### Task directions:
What is needed is an exact transcription of the listing, with the images removed.

### Data excerpt:
━━━━
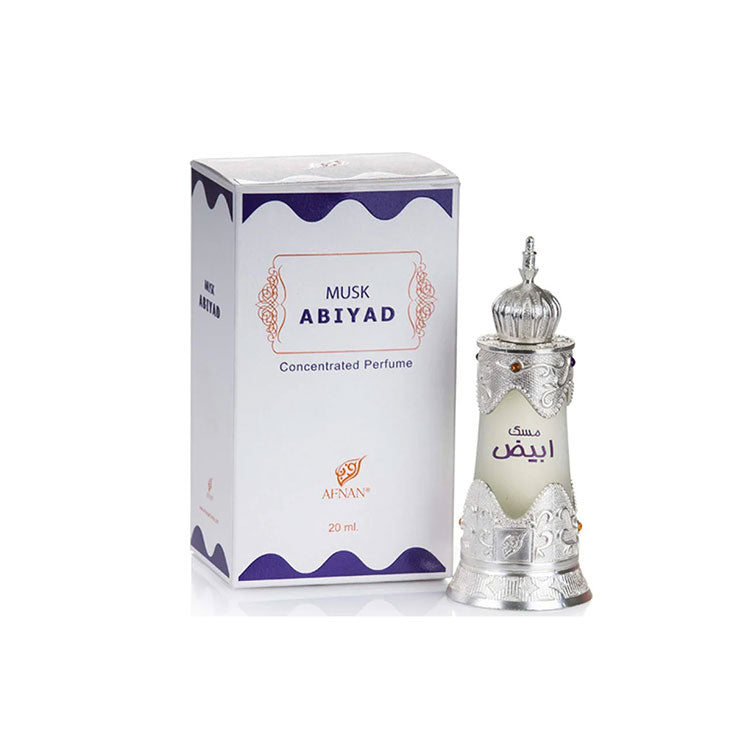Buy Afnan Afnan Musk Abiyad Concentrated Perfume Oil (Attar) 20ml For Men & Women Online India - Original Men's Perfume
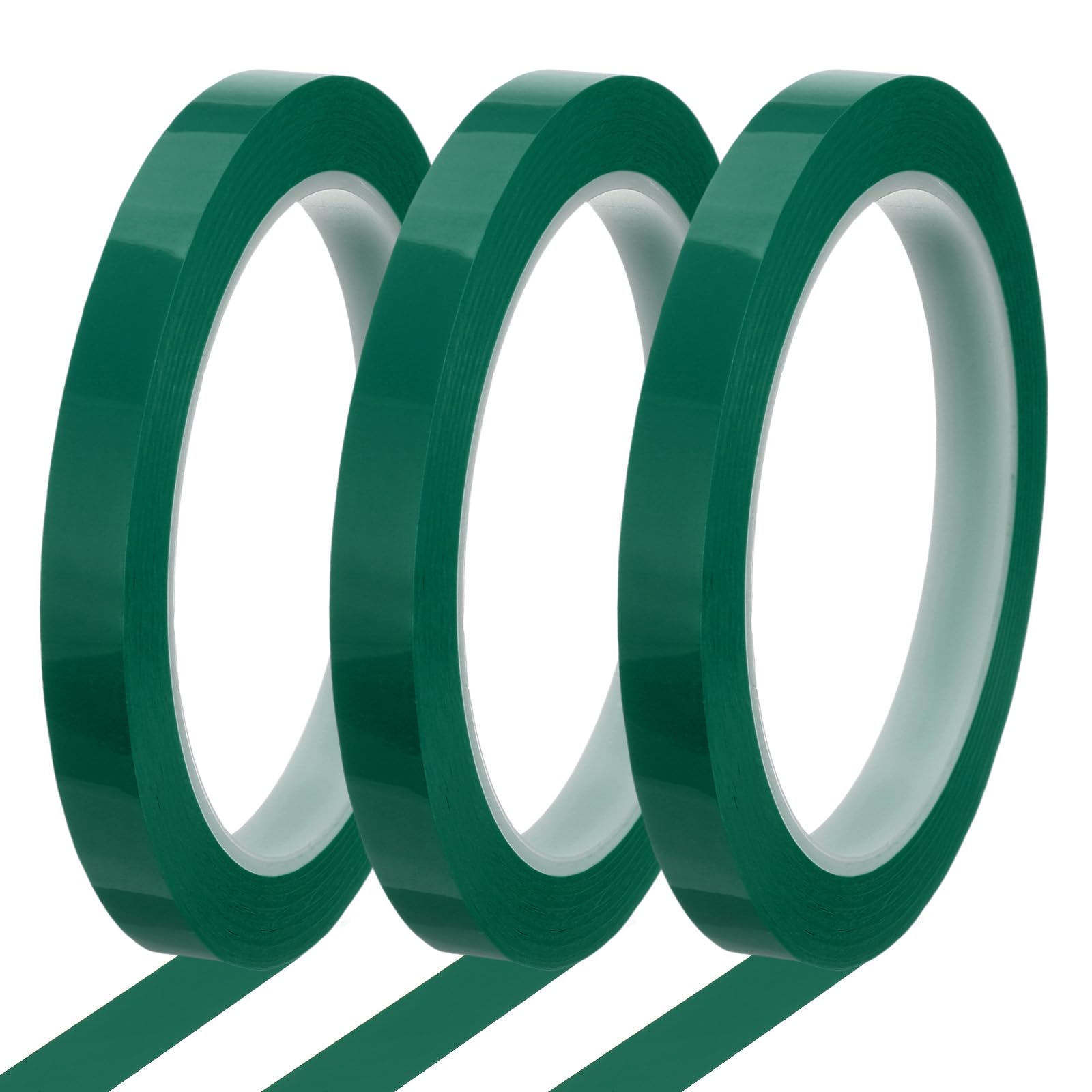 sourcing map Whiteboard Tape 10mm x 66m Pinstripe Graphic Chart Line Grid Marking Tapes for Classroom Office Dry Erase Board Art, Green, Pack of 3 — image 1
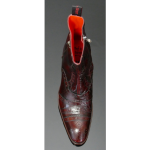 LYNOTT 'The Libertine' Toe cap tall zip boot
━━━━
### Response to this task:
Buy Afnan Afnan Musk Abiyad Concentrated Perfume Oil (Attar) 20ml For Men & Women Online India - Original Men's Perfume
 sourcing map Whiteboard Tape 10mm x 66m Pinstripe Graphic Chart Line Grid Marking Tapes for Classroom Office Dry Erase Board Art, Green, Pack of 3 — image 1
 LYNOTT 'The Libertine' Toe cap tall zip boot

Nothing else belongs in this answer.